A Measure of Central Tendency is a single value that attempts to describe a set of data by identifying the central position within that set of data. These are often referred to as “summary statistics.”
The three most common measures are: 1. The Mean 2. The Median 3. The Mode
The mean (or average) is the sum of all values divided by the total number of values. It is the most common measure of central tendency.
For a sample of size \(n\), the sample mean \(\bar{x}\) is calculated as:
\[\bar{x} = \frac{\sum_{i=1}^{n} x_i}{n} = \frac{x_1 + x_2 + ... + x_n}{n}\]
Where: - \(\sum\): Sigma notation (summation) - \(x_i\): The value of each individual observation - \(n\): The total number of observations
Scenario: A tech startup tracks the daily hours worked by a small team of 5 developers: 8, 9, 7, 12, and 8 hours.
Calculation: \[\bar{x} = \frac{8 + 9 + 7 + 12 + 8}{5} = \frac{44}{5} = 8.8 \text{ hours}\]
hours_worked <- c(8, 9, 7, 12, 8)
mean_val <- mean(hours_worked)
print(paste("The mean hours worked is:", mean_val))
## [1] "The mean hours worked is: 8.8"
The median is the middle value in a data set when the values are arranged in ascending or descending order. It is a “robust” measure because it is not affected by extreme outliers.
Scenario: Real estate prices in a neighborhood. Suppose five houses sold for: $250k, $270k, $310k, $320k, and $1.2M (a mansion).
house_prices <- c(250000, 270000, 310000, 320000, 1200000)
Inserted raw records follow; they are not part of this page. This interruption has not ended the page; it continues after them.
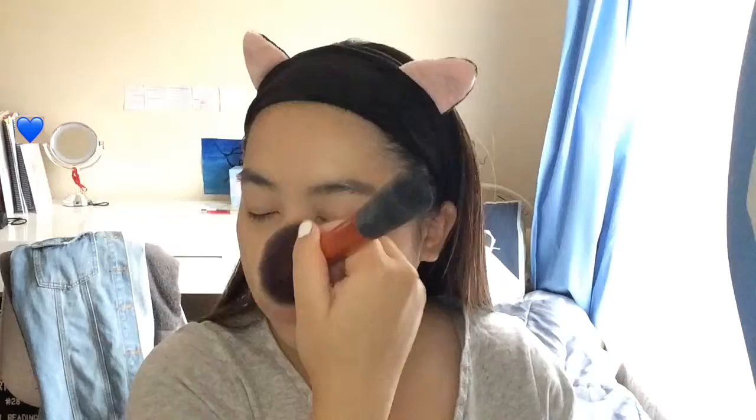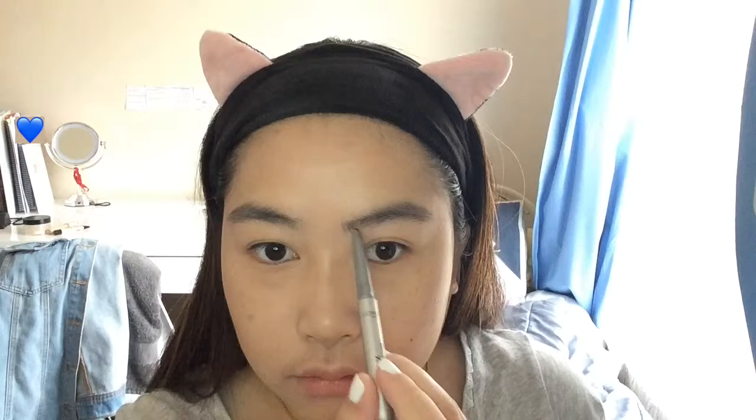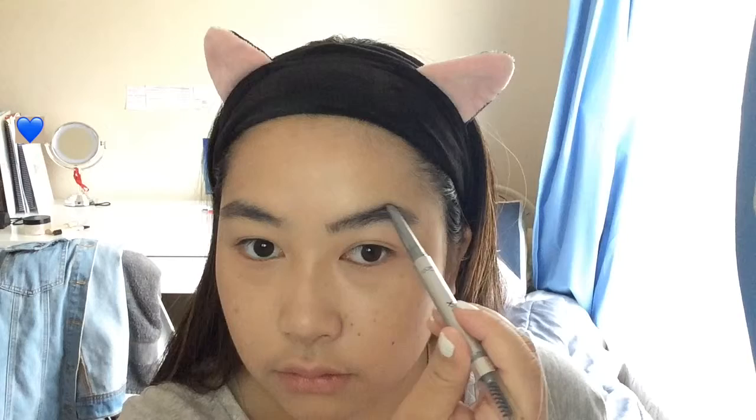I have kind of a crooked nose so I wanted to make it look a little straighter. Then I moved on to my eyebrows — brushing them out with a spoolie and going in with the L'Oreal Paris Brow Expert. At this time my eyebrows were a little bushy, but right after this video I got them done so they look much better now.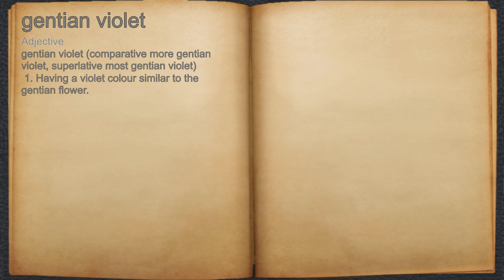Gentian violet. Adjective. 1. Having a violet color similar to the gentian flower.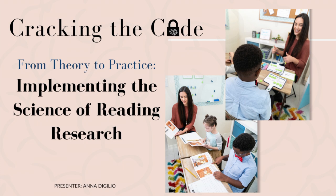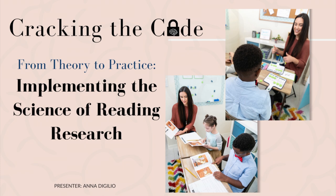One last thing before you go — I just finished creating a two-hour free professional development course on implementing the science of reading. It's completely free, and if you register and watch the full two hours you'll receive a certificate of attendance. I'll put that link in the description as well.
median_val <- median(house_prices)
print(paste("The median house price is:", median_val))
## [1] "The median house price is: 310000"
The mode is the value that appears most frequently in a data set. A data set can have one mode (unimodal), two modes (bimodal), or multiple modes (multimodal).
\[\text{Mode} = \text{Value with the highest frequency } (f_i)\]
Scenario: A shoe store owner wants to know which size to restock most. The sizes of the last 10 pairs sold were: 7, 8, 8, 9, 9, 9, 10, 11, 9, 8.
R does not have a built-in function for the mode, but we can create one:
get_mode <- function(v) {
uniqv <- unique(v)
uniqv[which.max(tabulate(match(v, uniqv)))]
}
shoe_sizes <- c(7, 8, 8, 9, 9, 9, 10, 11, 9, 8)
mode_val <- get_mode(shoe_sizes)
print(paste("The mode shoe size is:", mode_val))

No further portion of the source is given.